Protein structure determination by electron diffraction using a single three-dimensional nanocrystal.
Clabbers, M.T.B., van Genderen, E., Wan, W., Wiegers, E.L., Gruene, T., Abrahams, J.P.(2017) Acta Crystallogr D Struct Biol 73: 738-748
- PubMed: 28876237 
- DOI: https://doi.org/10.1107/S2059798317010348
- Primary Citation of Related Structures:  
5O4W, 5O4X - PubMed Abstract: 
Three-dimensional nanometre-sized crystals of macromolecules currently resist structure elucidation by single-crystal X-ray crystallography. Here, a single nanocrystal with a diffracting volume of only 0.14 µm 3 , i.e. no more than 6 × 10 5 unit cells, provided sufficient information to determine the structure of a rare dimeric polymorph of hen egg-white lysozyme by electron crystallography. This is at least an order of magnitude smaller than was previously possible.

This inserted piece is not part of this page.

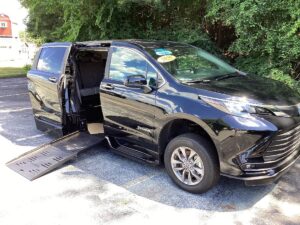 Black Toyota Sienna with BraunAbility Side Entry Automatic Fold Out conversion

The molecular-replacement solution, based on a monomeric polyalanine model, provided sufficient phasing power to show side-chain density, and automated model building was used to reconstruct the side chains. Diffraction data were acquired using the rotation method with parallel beam diffraction on a Titan Krios transmission electron microscope equipped with a novel in-house-designed 1024 × 1024 pixel Timepix hybrid pixel detector for low-dose diffraction data collection. Favourable detector characteristics include the ability to accurately discriminate single high-energy electrons from X-rays and count them, fast readout to finely sample reciprocal space and a high dynamic range. This work, together with other recent milestones, suggests that electron crystallography can provide an attractive alternative in determining biological structures.
Organizational Affiliation: 
Center for Cellular Imaging and NanoAnalytics (C-CINA), Biozentrum, Basel University, Mattenstrasse 26, CH-4058 Basel, Switzerland.